Né en 1922 à Rome, Carlo Lizzani a commencé sa carrière comme un jeune assistant réalisateur et acteur avec Le soleil se lèvera encore (1946), avant de s'illustrer deux ans plus tard dans le format documentaire avec un film sur le dirigeant communiste italien Palmiro Togliatti. Paradoxalement, c'est avec le scénario d'Allemagne année zéro, long métrage de l'éminent Roberto Rossellini sorti en 1948, que Lizzani se distingue. Il poursuivra en collaborant au scénario de Riz amer, de Giuseppe De Santis, sorti en 1949.
Jeune journaliste militant, passionné de politique, obsédé par la Résistance et soucieux d'aller au plus près de la vérité, Lizzani s'orientera vers un cinéma engagé qui sera à l'image d'un septième art italien retrouvé sur les cendres du règne fasciste. Son premier long métrage, Achtung! Banditi! (1951), est un hommage exalté au combat des résistants antifascistes italiens. La Seconde Guerre mondiale sera également le décor du film L'Oro di Roma (1961), sur la déportation des juifs, puis Le Procès de Vérone (1963), sur l'exécution de Galeazzo Ciano par les extrémistes proches de Mussolini.
Derrière la caméra, c'est pourtant avec La Chronique des pauvres amants, en 1954, qu'il triomphera en remportant le Prix international du Festival de Cannes l'année de sa sortie. Le film était une adaptation d'un roman de Vasco Pratolini, sur lequel avait déjà planché quatre ans plus tôt un certain Luchino Visconti, avant de devoir y renoncer sous les pressions exercées par la censure. Carlo Lizzani l'évitera en filmant cette fameuse Via del Corno à Florence (il y observe de manière réaliste la vie quotidienne, des amours, des contrariétés et des disputes de leurs habitants) avec un fascisme sous-jacent, de moins en moins sournois alors qu'il filme son objet telle une romanzo corale (romance chorale).

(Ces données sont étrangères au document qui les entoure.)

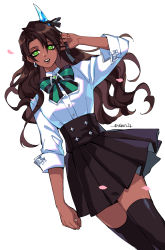 Rule 34 | 1girl, adapted costume, aragami oga, black ribbon, black skirt, black thighhighs, bow, bowtie, brown hair, collared shirt, curtained hair, dark-skinned female, dark skin, dutch angle, earrings, eleven (erebun), feet out of frame, genderswap, genderswap (mtf), green bow, green bowtie, green eyes, hand up, high-waist skirt, highres, holostars, horn ornament, horn ribbon, horns, ice horns, jewelry, long hair, looking at viewer, official alternate costume, open mouth, petals, ribbon, sharp teeth, shirt, simple background, single earring, single horn, skirt, solo, teeth, thighhighs, upper teeth only, virtual youtuber, wavy hair, white background, white shirt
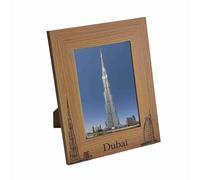 Generic Dubai City Photo Frame Engraved Dubai Skyline Wooden Frame Holiday Memories Gift (Oak-6x4-Portrait)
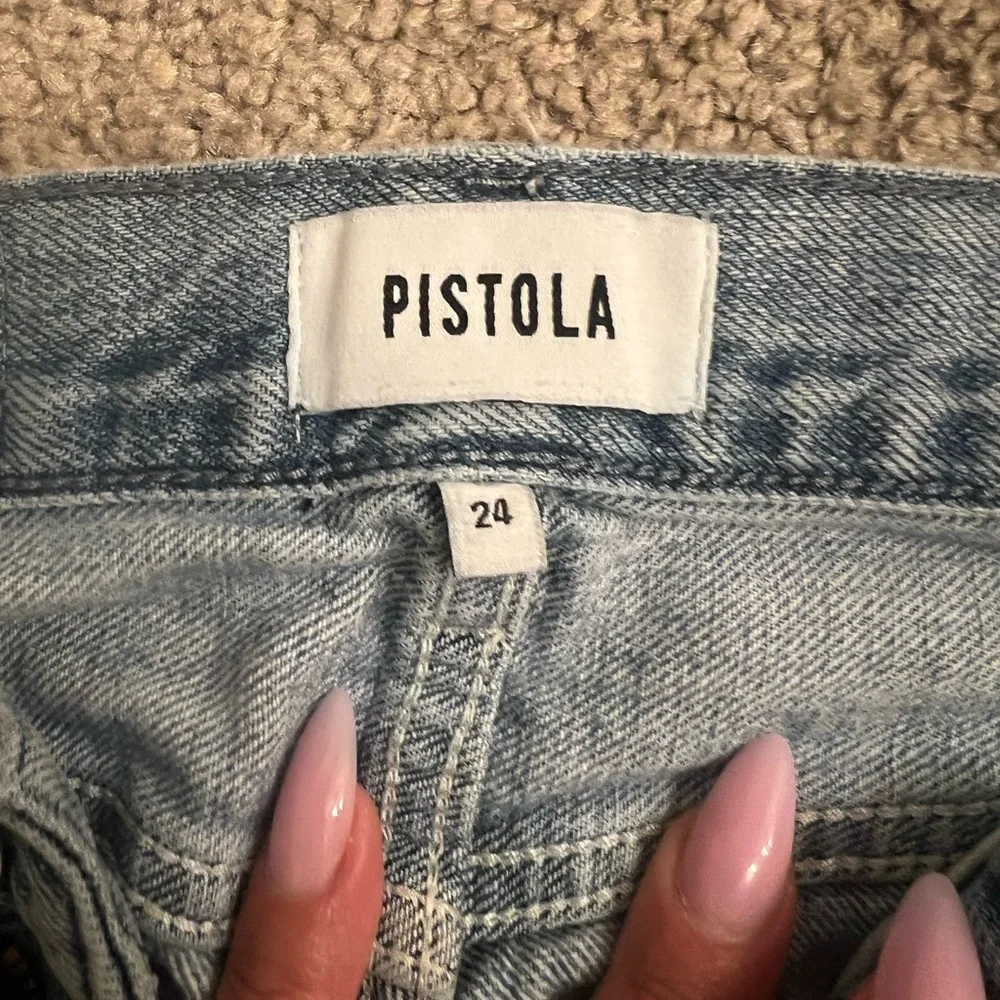 Pistola side 24 Women's Distressed Blue Jeans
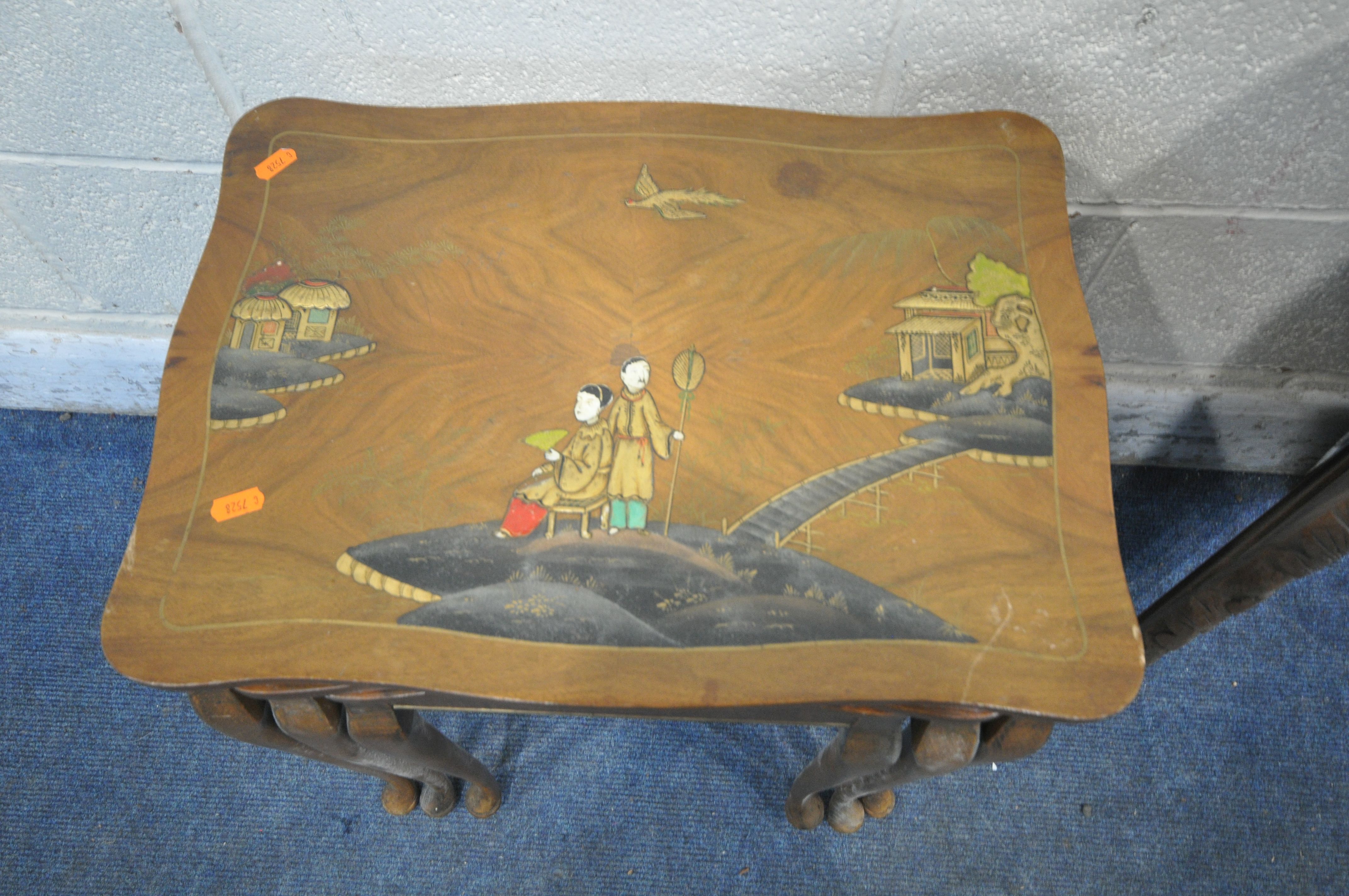 A CHINOISERIE WALNUT NEST OF THREE TABLES, largest table width 49cm x depth 36cm x height 55cm, - Image 4 of 4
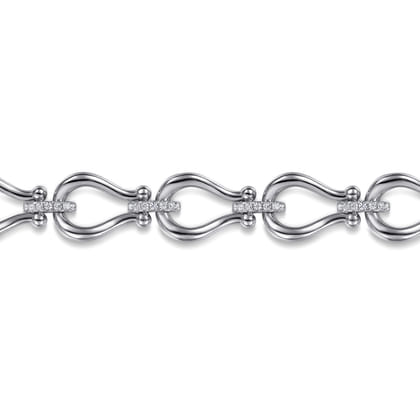 Strides - 925 Sterling Silver Bujukan Beaded Stirrup White Sapphire Link Chain Bracelet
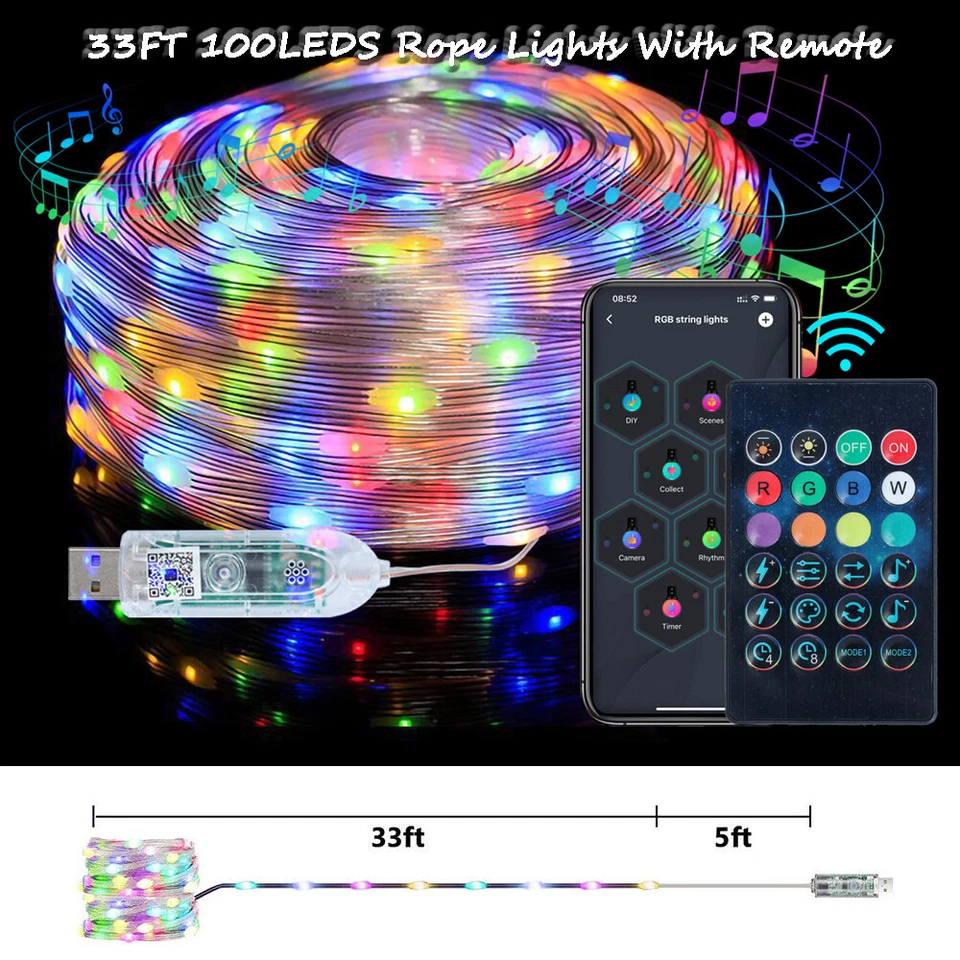 Cadena de tubo de luz de cuerda de 100 LED de 33 pies para boda jardín fiesta decoración exterior RGB Foto 2 de 4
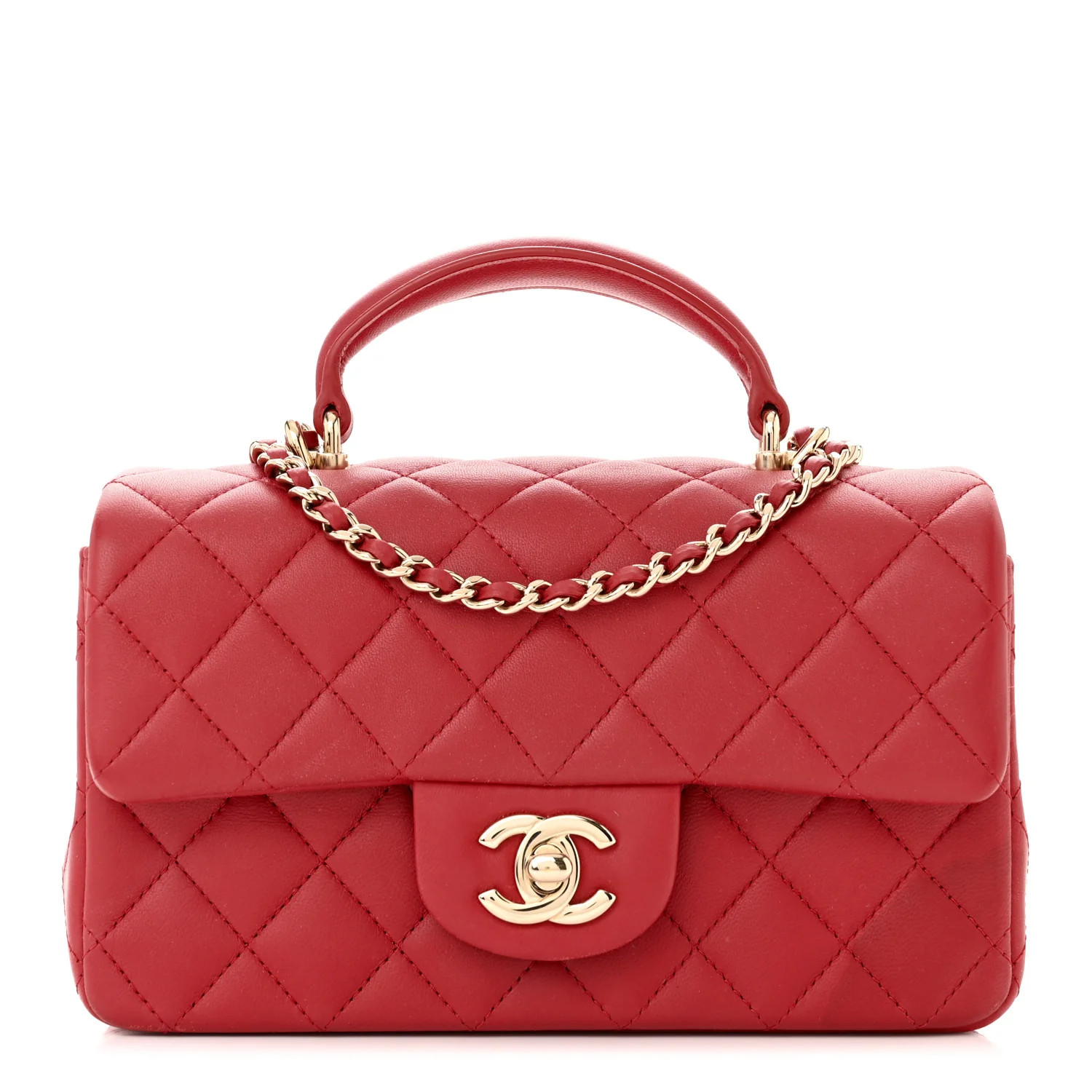 Lambskin Quilted Mini Top Handle Rectangular Flap Red | FASHIONPHILE (US)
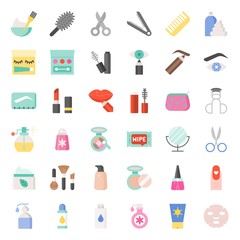 Beauty, body cares products and cosmetics icon set, flar style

Très engagé dans son cinéma comme dans la vie quotidienne, Carlo Lizzani s'est rapproché des idées de gauche et du syndicalisme, et fut notamment cosignataire d'une pétition contre le commissaire Luigi Calabresi, avant l'assassinat de celui-ci. Après avoir notamment coréalisé Guerre secrète au côté de Terence Young ou Christian-Jaque ou Du sang dans la montagne (1966), il prend la direction de la Mostra de Venise de 1979 à 1982, avant d'être chargé de cours à l'Académie Act Multimedia de Cinecittà, à Rome. Il quitte définitivement le monde du cinéma en 2005 après de nombreux projets restés dans l'anonymat.